In den 1920er Jahren entschied sich der Künstler sein Werk zu stiften - nach Vorbild von Rodin oder Zadkine und wollte ein Museum erschaffen, das seinen Namen tragen sollte. Er entwarf also eine Museographie und erstellte mehrere Projekte.

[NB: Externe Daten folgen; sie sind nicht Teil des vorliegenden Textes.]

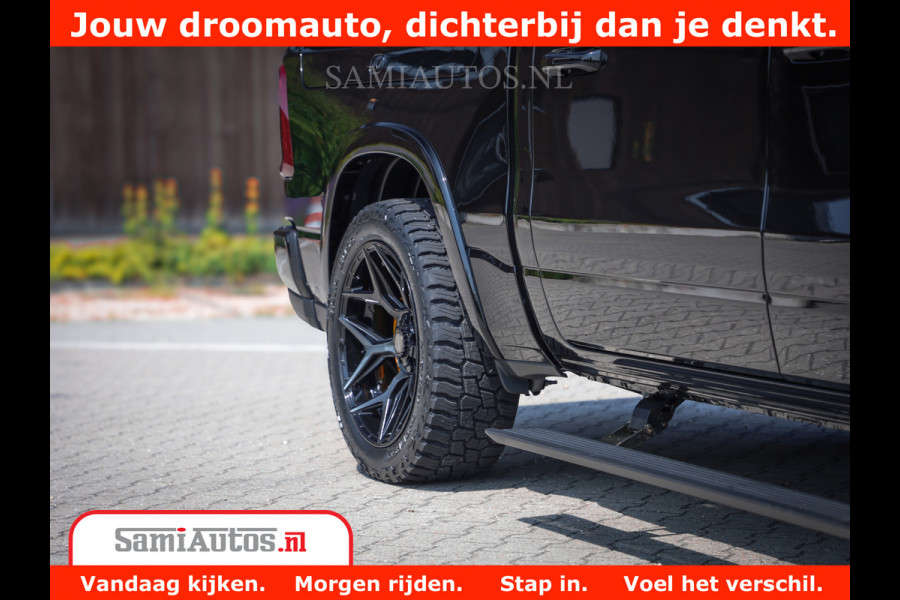 Dodge Ram 1500 Limited Night High Output 540HP 706Nm | Massage + Full Option | De Meest Luxe en Volle Pick-Up in zijn Klasse | Comfortabele Dubbele Cabine met Royale 5 Zitplaatsen | BPM vrij | Nu Leverbaar uit Voorraad | Voorraad Nr 2324 - 5142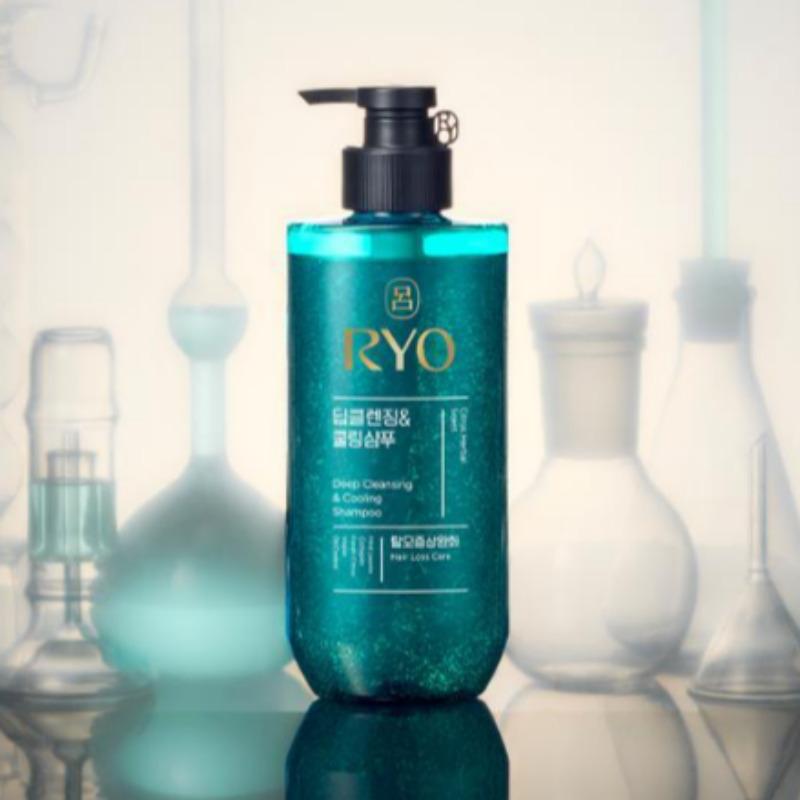 Ryo Heukyun Saenggi 480ml Cheong-A Deep Cleansing & Cooling Shampoo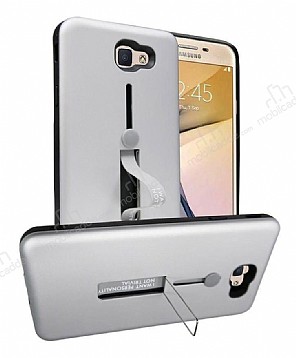 Eiroo Alloy Fit Samsung Galaxy J7 Prime / Prime 2 Selfie Yzkl Silver Klf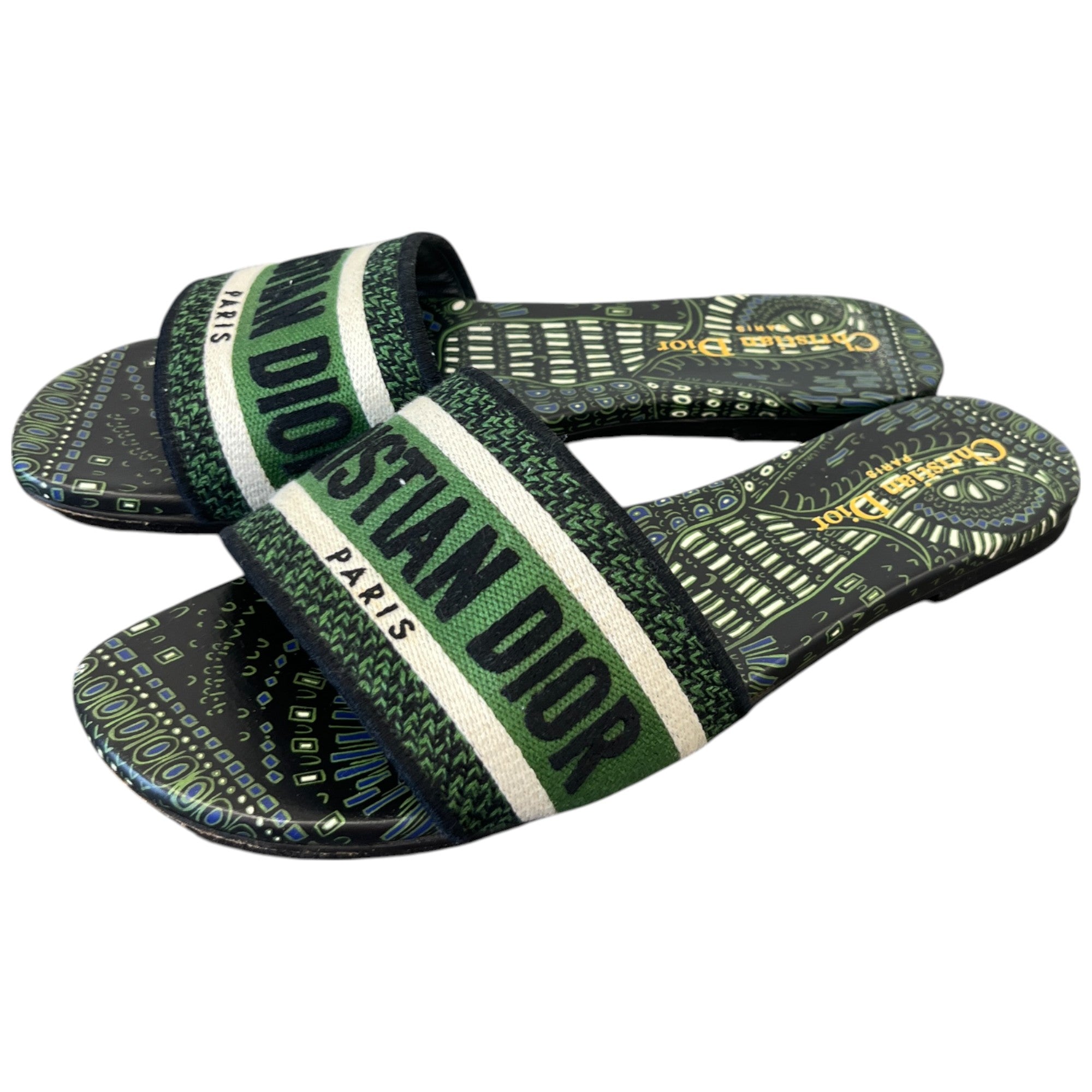 Women's Dway Slides Green Size EU 37.5 / UK 4.5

Bourdelle starb 1929, bevor sein Traum Wirklichkeit wurde. 1930 sollte das Gelände, auf dem das Gebäude des Künstlers lag, verkauft werden - dies gefährdete das Projekt des Künstlers. Dank der Hartnäckigkeit seiner Frau, Cléopâtre Bourdelle, seiner Tochter  Rhodia, und dank einer Schenkung des Mäzens Gabriel Congacq wurde das Bourdelle Museum am 4. Juli 1949 eröffnet. Zwischen 1962 und 1992 wurde es durch zwei Erweiterungen ergänzt, die von dem Architekten Henri Gautruche entworfen wurden.

 

Die Sammlung des Museums

 

Im Museum Bourdelle, ganz in der Nähe des Hotel Aiglon können Sie Leben und Werdegang von Antoine Bourdelle in einem einzigartigem Bereich, umgeben von Gärten, kennenlernen. Modern und authentisch gleichzeitig konnte dieses Atelier-Museum Seele und die Persönlichkeit des Bildhauers bewahren. Angefangen bei der Intimität der Wohnung von Bourdelle bis zu seinen Ateliers mit Skulpturen und Bildern, vorbei an der prunkvollen Grand Hall und den Gärten, die von Statuen bevölkert sind, kann der Besucher Skulpturen aus Bronze, Marmor oder auch Sandstein entdecken, sowie auch von Bourdelle angefertigte Zeichnungen und Fotos.

 

Diese abwechslungsreiche Sammlung wird von Gegenständen persönlicher Natür des Künstlers ergänzt, die aus Antiquitäten, Gemälden und Stichen bestehen. Die Sammlung umfasst etwa 15000 Fotografien, 3000 Skulpturen und 4000 Zeichnungen und Aquarelle.